Предполагалось также, что они имеют "усовершенствованные дальномеры". Вывод о формировании японцами особого метода мас­сирования огня сделан еще не был. Оценить это новое для всего мира явление никому еще не удалось. Напоминалось и о том, что на малых расстояниях (до 40 калибров), на которых, как и весь мир, готовились до войны стрелять рус­ские корабли, они достигали удовлетворитель­ной меткости. У японцев же на этих расстояниях меткость (в сравнении с дальними дистан­циями) не повышалась. Более того, все призна­вали, что в бою на ближних дистанциях, япон­цы, как правило, "страшно горячатся" и мет­кость их огня явно падает.

Все это означало, что и 2-й эскадре во всех случаях следовало стремиться к бою на ближ­них дистанциях, а, значит, как следовало по­нимать, обязательно обладать превосходством в скорости. В противном случае вставал воп­рос (прямо это не говорилось) о необходимо­сти экстренного овладения искусством стрелять на предельных расстояниях. Этот вывод пред­стояло (если бы он был на это способен) сде­лать уже командующему 2-й Тихоокеанской эскадрой З.П. Рожественскому.

К четвертому выводу следовало бы отне­сти сделанное уже до войны полковником В.А. Алексеевым (в работе "Скорость стрельбы") предостережение о явном отставании русско­го флота по этому показателю от английского и следовавшего ему во всем японского флотов. Работа В.А. Алексеева (если бы на нее было обращено должное внимание) подсказывала пути устранения этого, также оставшегося нео­цененным бюрократией, изъяна в боевой под­готовке флота.

Вера в вековую мудрость дедовских заве­тов ("стреляй редко, да метко") нанесла фло­ту непоправимый вред. Здесь рутина опиралась еще на "экономию", а потому на преодоление застарелого забвения важнейшего показателя артиллерийского искусства предстояло прило­жить особо титанические усилия. Этот вывод также предстояло сделать в верхах.

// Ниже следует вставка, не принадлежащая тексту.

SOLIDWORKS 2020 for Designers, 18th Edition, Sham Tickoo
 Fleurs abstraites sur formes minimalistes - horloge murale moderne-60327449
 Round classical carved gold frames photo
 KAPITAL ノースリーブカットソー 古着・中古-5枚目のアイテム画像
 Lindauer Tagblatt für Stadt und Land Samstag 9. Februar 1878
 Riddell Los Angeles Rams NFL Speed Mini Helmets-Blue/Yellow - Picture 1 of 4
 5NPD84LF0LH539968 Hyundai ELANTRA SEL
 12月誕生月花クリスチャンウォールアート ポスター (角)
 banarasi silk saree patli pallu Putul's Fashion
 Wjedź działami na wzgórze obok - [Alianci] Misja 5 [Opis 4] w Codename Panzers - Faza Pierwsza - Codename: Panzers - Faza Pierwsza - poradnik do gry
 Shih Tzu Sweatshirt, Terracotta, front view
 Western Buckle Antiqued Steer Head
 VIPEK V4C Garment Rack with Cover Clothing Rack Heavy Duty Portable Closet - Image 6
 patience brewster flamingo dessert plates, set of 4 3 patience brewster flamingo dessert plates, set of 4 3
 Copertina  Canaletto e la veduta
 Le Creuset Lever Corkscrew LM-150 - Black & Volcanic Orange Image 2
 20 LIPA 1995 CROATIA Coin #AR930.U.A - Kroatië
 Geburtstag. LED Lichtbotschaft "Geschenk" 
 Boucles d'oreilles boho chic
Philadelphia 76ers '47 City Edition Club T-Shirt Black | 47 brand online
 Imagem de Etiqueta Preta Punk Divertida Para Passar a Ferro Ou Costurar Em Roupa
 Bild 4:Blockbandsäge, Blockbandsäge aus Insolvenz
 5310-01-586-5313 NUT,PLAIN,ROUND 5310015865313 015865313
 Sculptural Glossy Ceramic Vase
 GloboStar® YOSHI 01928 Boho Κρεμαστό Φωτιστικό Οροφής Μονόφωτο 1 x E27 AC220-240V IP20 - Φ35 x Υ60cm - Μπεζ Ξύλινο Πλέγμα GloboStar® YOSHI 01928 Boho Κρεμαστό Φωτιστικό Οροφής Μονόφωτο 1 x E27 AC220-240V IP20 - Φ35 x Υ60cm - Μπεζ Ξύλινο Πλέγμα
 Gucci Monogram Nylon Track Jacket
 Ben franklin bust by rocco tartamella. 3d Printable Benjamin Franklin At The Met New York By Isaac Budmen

Вместе с интенсификацией тренировок по­мочь делу могло и увеличение комплектации орудийных расчетов (а их на кораблях, заме­тим, не хватало со времен адмирала Ф.Ф. Ушакова), назначение офицеров в каждую баш­ню и на каждый из жизненно важных постов, предоставление возможности комендору делать выстрелы сразу из обоих орудий и самому кор­ректировать свою стрельбу. Для этого первых комендоров следовало бы назначать "из сверх­срочно служащих и наиболее интеллигентных".

Для устранения отравляющего действия газов при стрельбе предполагалось устанавли­вать в башнях нагнетательные вентиляторы. Указывалось на малую тренированность при­слуги башен и орудий. Виной тому было от­сутствие практики стрельбы при маневрирова­нии. Прямо указывался огромный вред малых скоростей в мирное время, отчего рулевые, не имея практики на скоростях более 10 уз, в бою не справлялись с удержанием корабля на курсе, отчего он часто рыскал и сбивал стрельбу.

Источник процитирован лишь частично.